A luta pela terra, travada pela Comissão Pastoral da Terra (CPT), pelo Movimento dos/as Trabalhadores/as Rurais Sem Terra (MST) e por dezenas de outros movimentos camponeses, incomoda e desestabiliza quem se deleita na ordem estabelecida do capital. Sendo novos e questionadores sujeitos, os Sem Terra incomodam, como analisa Miguel Arroyo, ao se referir aos Sem Terra como Outros: “Outros na agenda política e até pedagógica se tornam extremamente incômodos ao pensamento pedagógico porque o obrigam a se entender inseparável das formas políticas, culturais e de sua produção/conformação como subalternos. Ao reagir a esse ser pensados e feitos subalternos desconstroem as autoidentidades do pensamento pedagógico” (ARROYO, 2012, p. 11).
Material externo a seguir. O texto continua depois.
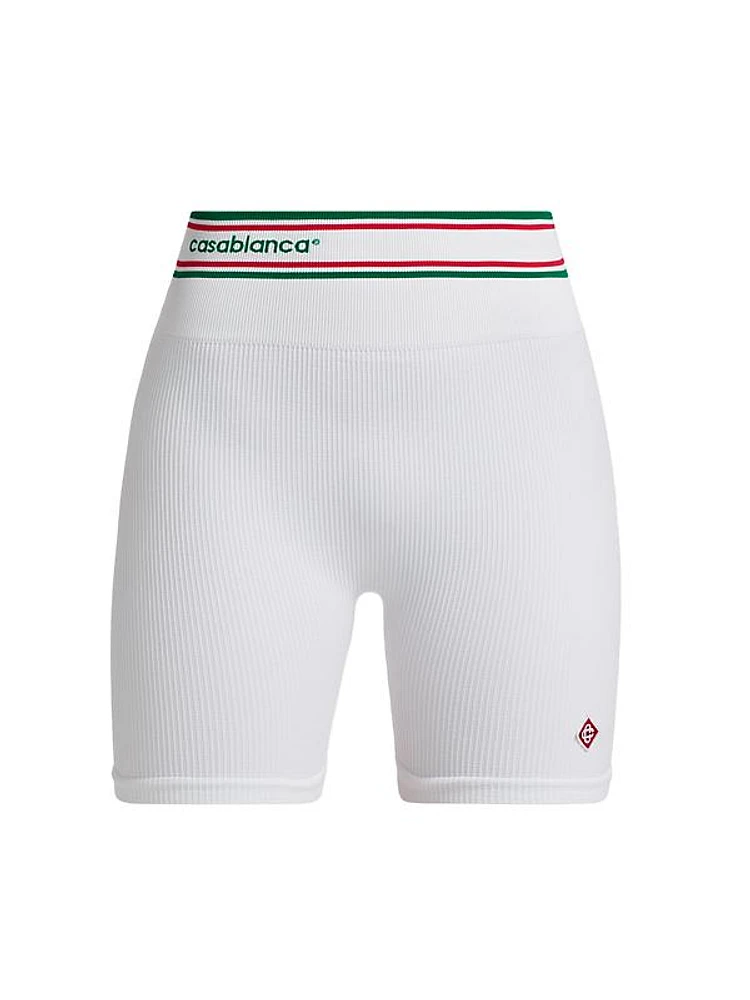 Rib-Knit Logo Fitted Shorts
Integrando o legado de Antônio Gramsci, a categoria subalterno faz referência a um “conjunto diversificado e contraditório de situações servindo para nomear classes com ausência de poder de mando, de poder de decisão, de poder de criação e de direção” (YAZBEK, 1993, p. 18). Pedagogia de emancipação humana não é simplesmente a que promove uma mudança de método, mas a que passa por uma “revolução copernicana”: dos objetos e dos métodos, dos conteúdos e das instituições para os sujeitos. Estes, os sujeitos, serão o sol ao redor do qual os planetas – objetos e métodos – girarão. Entrevemos pedagogia do oprimido, como pedagogia de emancipação humana, no seio da classe camponesa na luta pela terra: pedagogia que persevera em lutas constantes, em movimentos permanentes da opressão à libertação-emancipação.
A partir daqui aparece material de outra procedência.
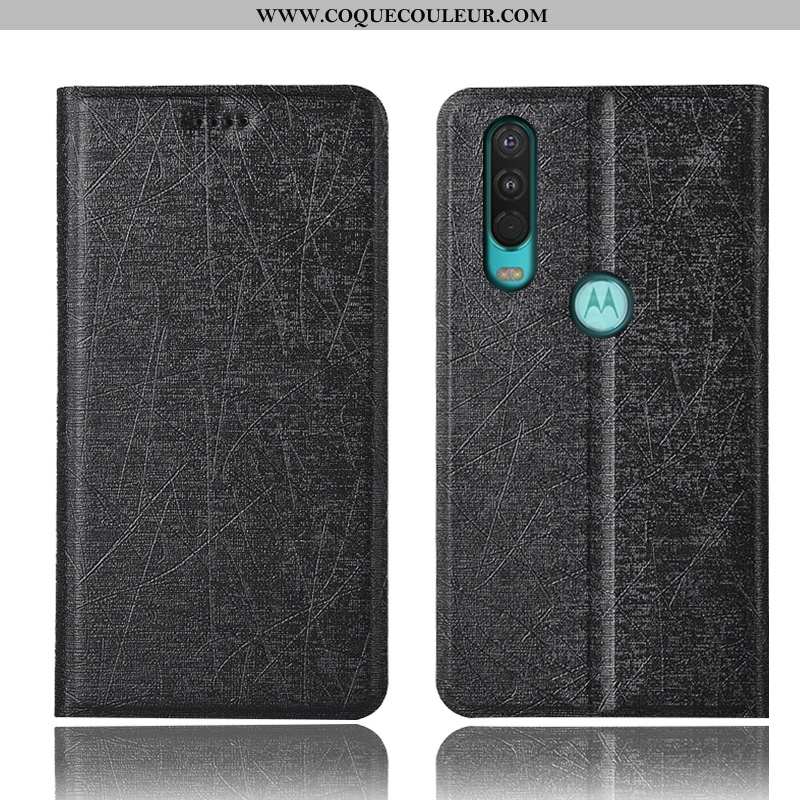 Étui Motorola One Action Cuir Téléphone Portable Noir, Coque Motorola One Action Protection Soie Noi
Luiz Américo Araújo Vargas, na tese na área de Educação “Por uma pedagogia da luta e da resistência: a educação como estratégia política no MST”, na UFRJ, em 2012, faz referência à emancipação humana diversas vezes. Por exemplo, ele aponta a necessidade de emancipação humana, no entanto analisa que a ideologia do desenvolvimento sustentável adia a possível emancipação humana (VARGAS, 2012, p. 6). Vargas afirma também que “o MST, ao assumir a luta contra um de seus inimigos reconhecidos, o agronegócio, engendra condições para produzir uma cultura renovada e, com ela, um processo educativo que pensa a emancipação de toda a humanidade” (VARGAS, 2012, p. 8).
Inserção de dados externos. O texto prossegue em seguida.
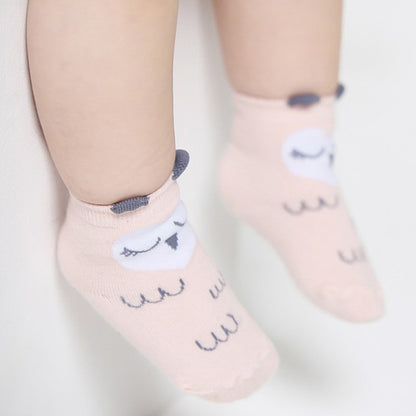 Spring And Autumn New Asymmetric Cartoon Children's Socks Cotton Baby Floor Socks Non-slip Baby Socks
Ao se referir a um Encontro de Sem Terrinha  [1], em 2007, Vargas postula a “construção de uma proposta educacional coerente com a formação de sujeitos históricos em luta pela emancipação de sua classe (VARGAS, 2012, p. 22) e nota que “os sujeitos sociais em luta coletiva e algumas de suas práticas plasmam outros sentidos e outros caminhos, cuja potência de emancipação é difícil de prever, mas de cujo desenvolvimento gesta uma práxis que se refaz na luta e na disputa por hegemonia” (VARGAS, 2012, p. 28). Vargas constata ainda que “palavras-categorias, tais como classes, lutas de classes, trabalho, ideologias, emancipação e socialismo, muito difundidas, têm sido pouco apreendidas e muito combatidas” (VARGAS, 2012, p. 103) e advoga também que uma “educação, tomada como estratégia política, possa contribuir no processo de emancipação dos sujeitos em luta pela transformação da sociedade de classe capitalista” (VARGAS, 2012, p. 105).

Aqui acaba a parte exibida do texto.